- **Task prompt**:
Print, word for word, only the lines from the one with "Vegetable Prices: పండుగ" down to the last line of the listing below; no pictures.

- **Provided material**:
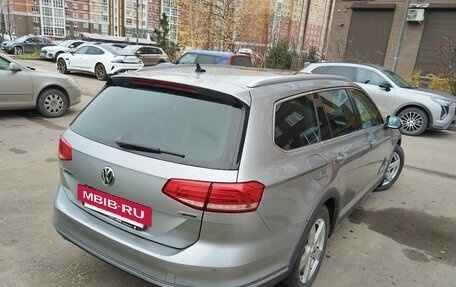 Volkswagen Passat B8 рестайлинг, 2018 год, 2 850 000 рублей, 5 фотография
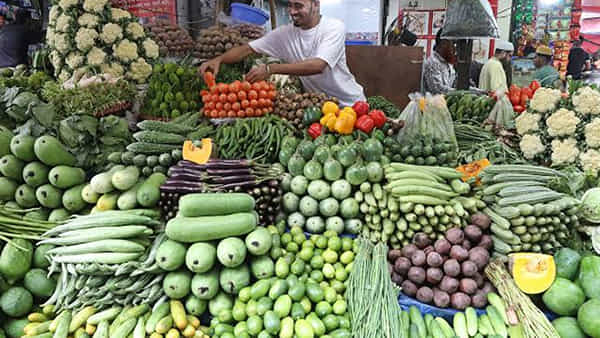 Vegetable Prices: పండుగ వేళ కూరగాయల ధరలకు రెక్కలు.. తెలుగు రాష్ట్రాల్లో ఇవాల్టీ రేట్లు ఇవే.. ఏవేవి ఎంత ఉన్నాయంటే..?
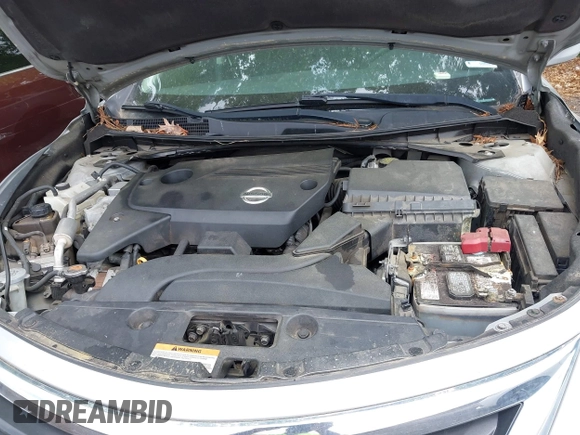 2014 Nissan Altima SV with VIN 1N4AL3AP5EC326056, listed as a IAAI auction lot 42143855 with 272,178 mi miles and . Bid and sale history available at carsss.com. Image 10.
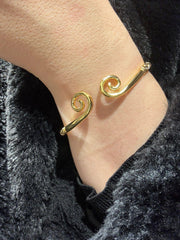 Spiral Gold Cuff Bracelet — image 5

- **Output of the exercise**:
 Vegetable Prices: పండుగ వేళ కూరగాయల ధరలకు రెక్కలు.. తెలుగు రాష్ట్రాల్లో ఇవాల్టీ రేట్లు ఇవే.. ఏవేవి ఎంత ఉన్నాయంటే..?
 2014 Nissan Altima SV with VIN 1N4AL3AP5EC326056, listed as a IAAI auction lot 42143855 with 272,178 mi miles and . Bid and sale history available at carsss.com. Image 10.
 Spiral Gold Cuff Bracelet — image 5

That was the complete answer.